Chroniques

par laurent bergnach

concert 7 – Andre, Bianchi, Matalon et Stahnke
Franck Ollu dirige l’Ensemble Moderne

Présences / Maison de Radio France, Paris
- 16 février 2014
quatre créations françaises par l’Ensemble Moderne
© philippe stirnweiss

Après un début de festival ici et là dans la capitale [lire nos chroniques des concerts 1, 2, 3, 5 et 6], le premier des deux week-ends Présences rassemble le public in loco, dans cette Maison de Radio France dont la rénovation s’enlise au point que gagner le Studio 105 est une gageure, dans ce qui semble tout à la fois labyrinthe, bâtiment administratif et quartier de haute sécurité.

Le concert du soir est confié à l’Ensemble Modern, formation forte de trois décennies d’expérience et d’une centaine de concerts donnés chaque année, qui fut en charge de la création de Such(t) Maschine (2012) à Francfort. Cette pièce pour dix-huit instruments de l’Allemand Manfred Stahnke (né en 1951) – ancien élève de Fortner, Huber, Ferneyhough et Ligeti – offre une douce cacophonie habitée par le vrombissement des cuivres et des cordes graves. L’écriture semble fragmentaire, donnant l’impression d’une ébauche ou d’un écho de pièces lyriques plus ou moins connues. Hélas, une boucle répétitive aux cordes entraîne bientôt l’ensemble vers une expression plus pauvre que n’importe quel quatuor, comme une mauvaise copie des minimalistes américains. Franck Ollu en assure néanmoins une lecture claire et souple.

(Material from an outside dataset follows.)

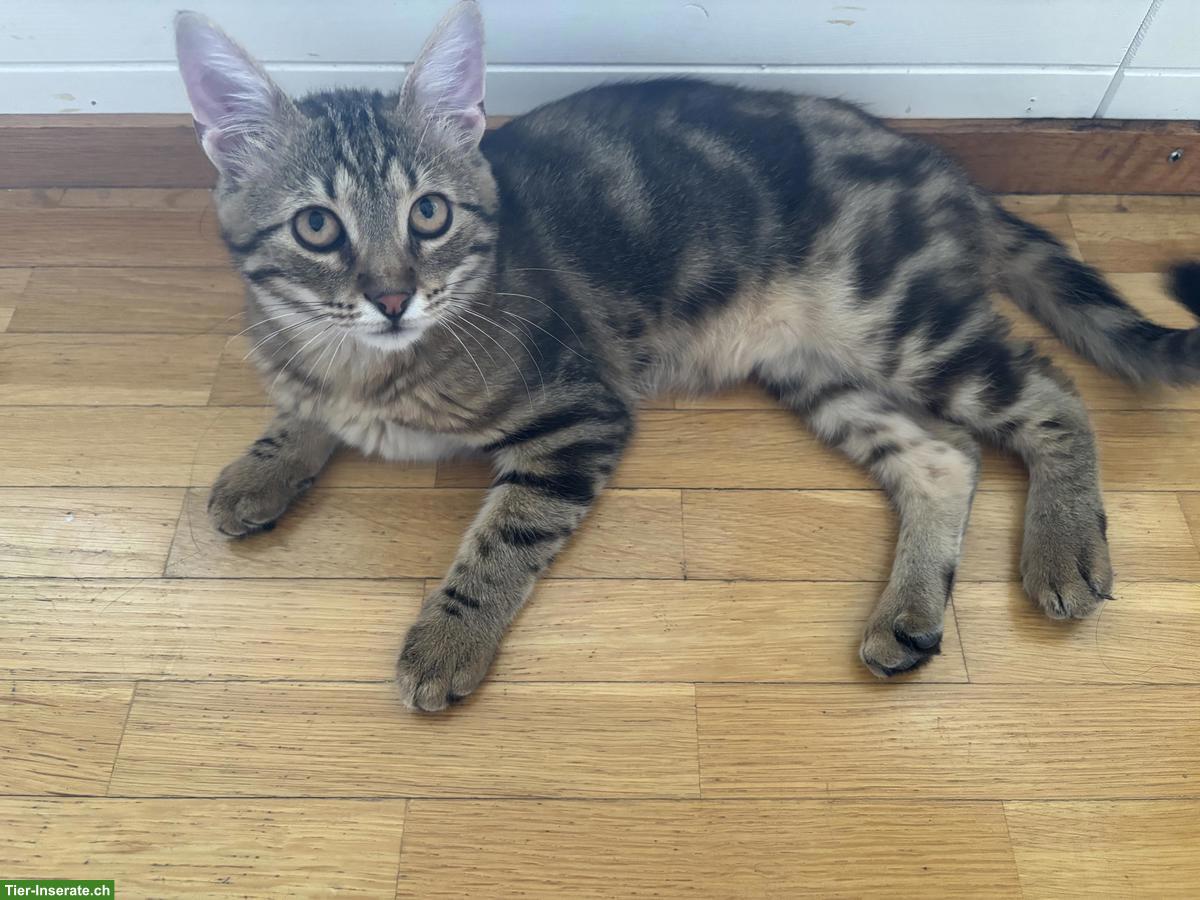 Bild 2: Katze, Kater Leo sucht liebes neues Zuhause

Toujours dans la ville d’Hindemith et Adorno, l’Ensemble Modern fit entendre pour la première fois Permeability (2013) pour dix-neuf instruments et électronique, une pièce signée Oscar Bianchi (né en 1975) [photo], musicien milanais des plus doués dont le nom résonnait à Royaumont, Darmstadt ou Strasbourg avant d’être associé à l’opéra Thanks to my eyes [lire notre chronique du 8 juillet 2011]. Reconnaissant à la technologie d’avoir exploré de riches dimensions sonores (physique, structurel, émotionnel et intellectuel), Bianchi célèbre « l’exaltation des éternelles relations entre l’être et le son » avec une partition dont « le titre se réfère au terme utilisé pour évoquer le lien entre les catégories (l’humain, l’animal, la chose) qui autrefois représentait et organisait la vision de l’existence ».

D’emblée, on sent la présence d’un créateur en pleine possession de ses moyens, d’une œuvre résolument inventive et habitée. Des cuivres jacasseurs mais canalisés, un accordéon qui ajoute sa brillance à celle de l’électronique, des instruments peu courants (appeau, bâton de pluie, mégaphone dont un percussionniste tire des phonèmes amplifiés, en hommage discret à Romitelli) participent d’une densité et d’une énergie sans cesse renouvelée. Le foisonnement peut aussi laisser place au frémissement, avec un solo de contrebasson qui rappelle l’affinité du compositeur avec la flûte à bec Paetzold [lire notre chronique du 1er octobre 2010].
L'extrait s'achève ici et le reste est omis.